Oui, mais "La Morte Accarezza A Mezzanotte" est fondé sur une histoire solidement construite, et qui ne laisse pas sur sa faim. C'est suffisement rare pour être signalé, les gialli offrant souvent des retournements de situations abracadabrantesques.
Les scènes de violences graphiques sont rares mais valent le détour, comme je l'ai écrit plus haut, et l'histoire est suffisamment intéressante pour qu'on ne ressente pas l'ennui lancinant qui s'installe pendant certains films.
Ajoutons à cela un solide jeu des acteurs, une bande musicale à toute épreuve signée par Gianni Ferrio, un grand nom de la musique de film italienne, et on obtient un excellent giallo.


morte accarezza a mezzanotte (la)

On pourrait même dire qu'on obtient LE giallo comme l'a théorisé Mario Bava avec " La Ragazza Che Sapeva Troppoe" et "Sei Donne Per l'Assassino".
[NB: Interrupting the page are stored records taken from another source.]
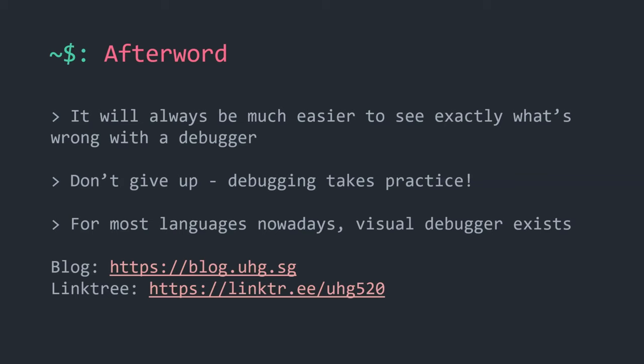Don't give up — debugging takes a lot of practice. Even experienced debuggers make errors. Jump in, compile your own code, play around. Visual debuggers exist for most languages now: IntelliJ lets you set breakpoints by clicking at the line, and it will break execution there. Windows Debugger has even more features including time travel debugging, which saves application state throughout execution so you can travel back and forward in time to check what happened at each step.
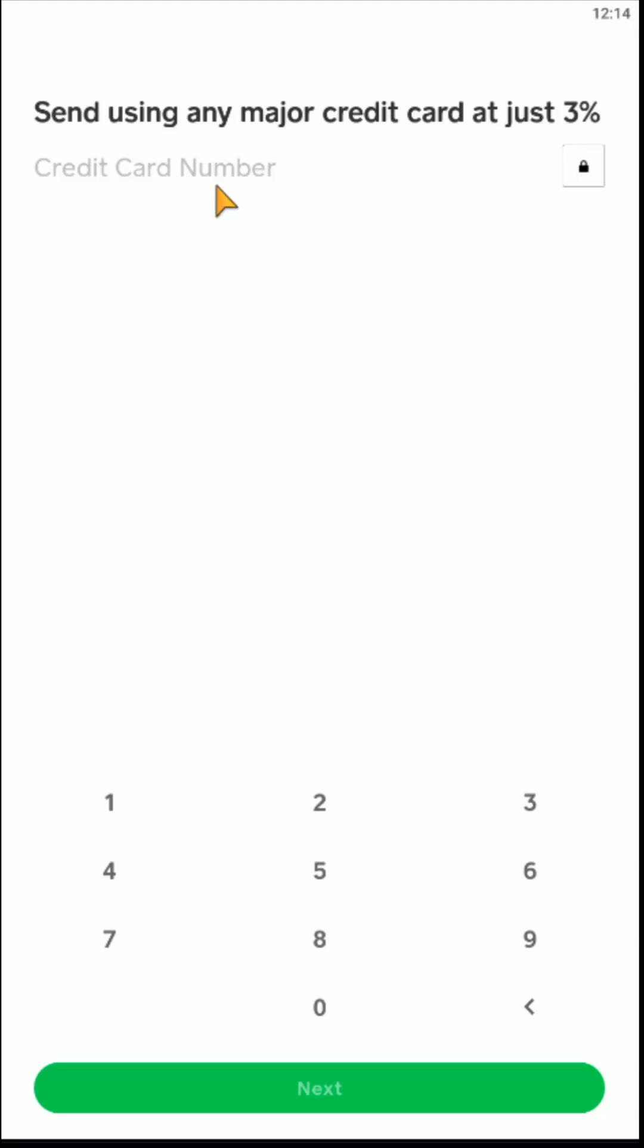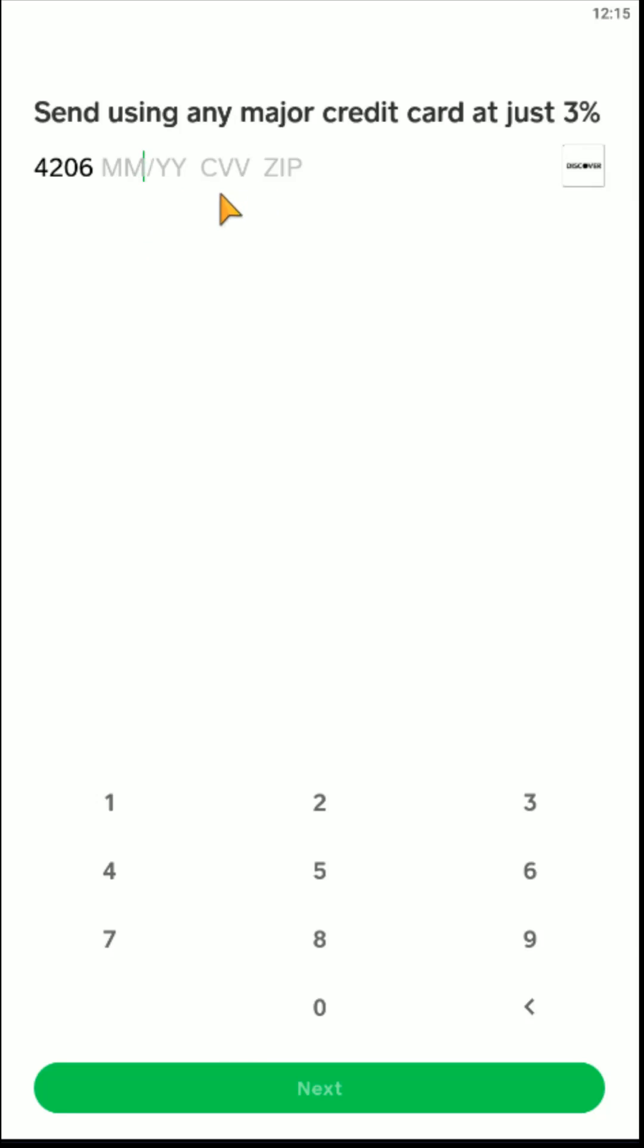And then in this area you're going to enter in the credit card number for the new credit card that you want to link to your Cash App. And then after you enter in the new credit card number, it's also going to ask you for the expiration month as well as year, the CVV code, as well as the zip code that is associated with that new credit card.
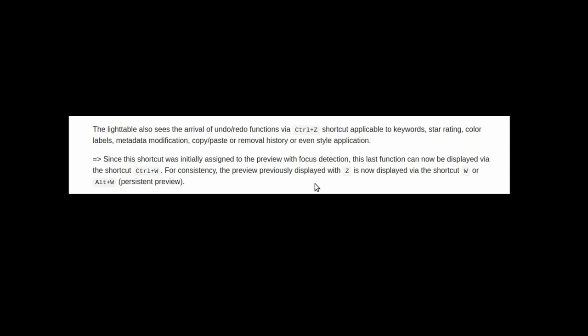A new keyboard shortcut that has been introduced is CTRL-Z for undo and redo. Obviously, almost every other application in the known universe uses CTRL-Z for undo. So, dark table is kind of a little bit late to the party, but it is good for consistency's sake. This will apply to things like keywords, star rating, color labels, modifying of metadata, copy and paste, or removal of history and or styles. Now, for users of dark table who've been with it for a while, you would be familiar with Z for toggling of a full screen preview of a single image, SHIFT-Z to make that sticky and CTRL-Z to show that with focus detection. Those keyboard shortcuts have now been remapped to the W key, so just be aware of that.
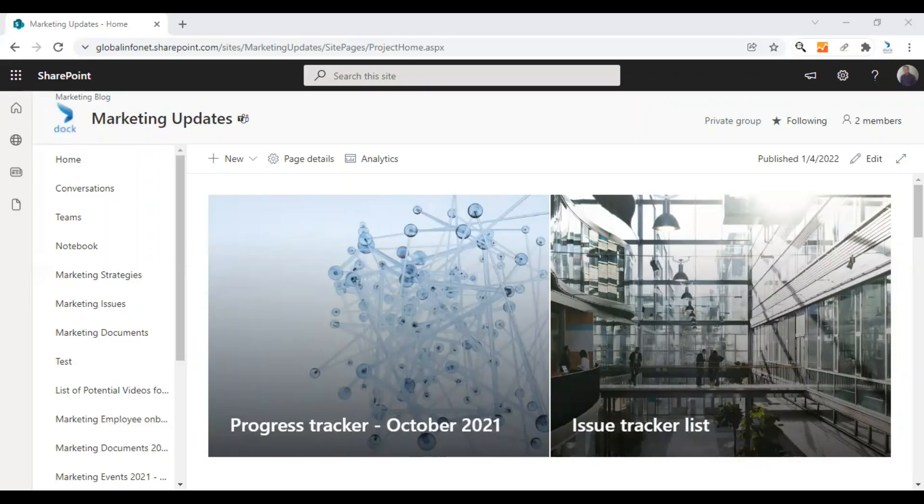Hi everyone, I'm Alex from Doc365. In this video, I'm going to show you how to import an Excel file to a SharePoint online list in simple steps.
Beaucoup de style dans les meurtres, beaucoup de jeux d'ombre, une réalisation digne des plus grands, des acteurs à la hauteur, une musique prenante, un tueur mystérieux avec son arme blanche, des retournements de situations,etc. ... tous les ingrédients sont là !
"La Morte Accarezza A Mezzanotte" est donc un bon moyen de commencer à regarder les gialli. Accessible avec son histoire solide, il saura retenir l'attention des plus novices comme il fascinera les habitués par ses cadrages hyper-stylisés et efficaces, sa musique envoûtante. Le seul défaut que certains pourront trouver serait du côté du rythme, qui est bien lent comparé aux films d'aujourd'hui. Mais nous sommes dans 70's, ne l'oubliez pas !
Un film à mettre à côté de ceux des grands maîtres du genre.